The NDC has set the presidential form at 60 million naira, a single fee the party says includes both the expression of interest form and the nomination form. To widen access, the party announced a 50 percent discount for female aspirants and a 25 percent discount for persons with disabilities. The party’s internal timeline also lays out earlier steps: sale of expression of interest forms running from May 13 to May 18, screening and interviews from May 19 to May 21, and an appeals window tied to screening running from May 25 to May 26.

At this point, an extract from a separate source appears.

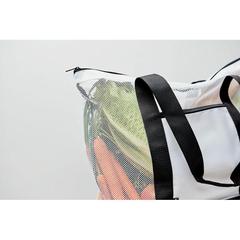 Vue Sac shopping & plage en RPET - Malla de couleur blanc| Krokrodeal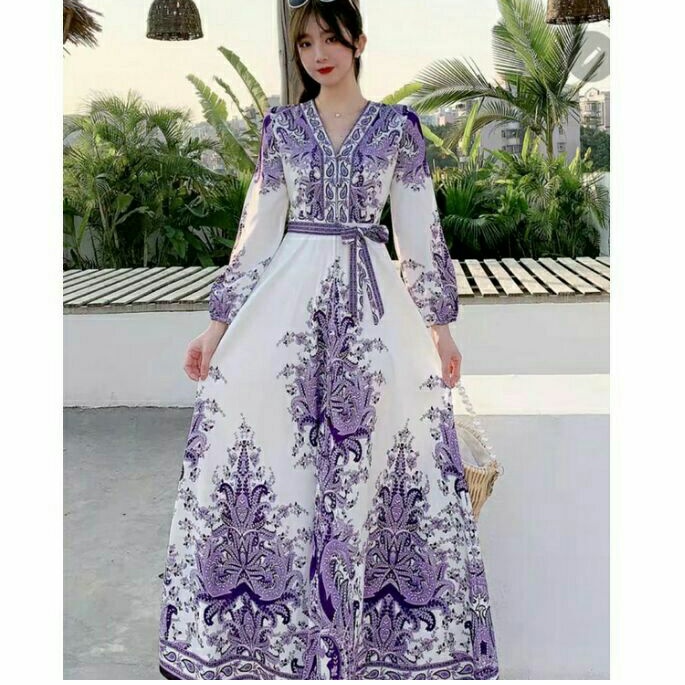 8191 Baju maxi dress gaun pesta wanita import baju maxi dress muslim gaun pesta cewek import korea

The schedule plugs into the national electoral calendar issued by the Independent National Electoral Commission, which set a formal window for parties to hold primaries between April 23 and May 30, 2026. INEC also set May 10, 2026, as a deadline for parties to submit their membership registers and reiterated that registers must be submitted not later than 21 days before the holding of the respective primaries. National voting days sit months later: Nigeria will hold presidential and National Assembly elections on January 16, 2027, followed by governorship and State Houses of Assembly elections on February 6, 2027. Campaigning for the presidential and National Assembly contests begins on August 19, 2026, while campaigns for governorship and state assembly contests open on September 9, 2026.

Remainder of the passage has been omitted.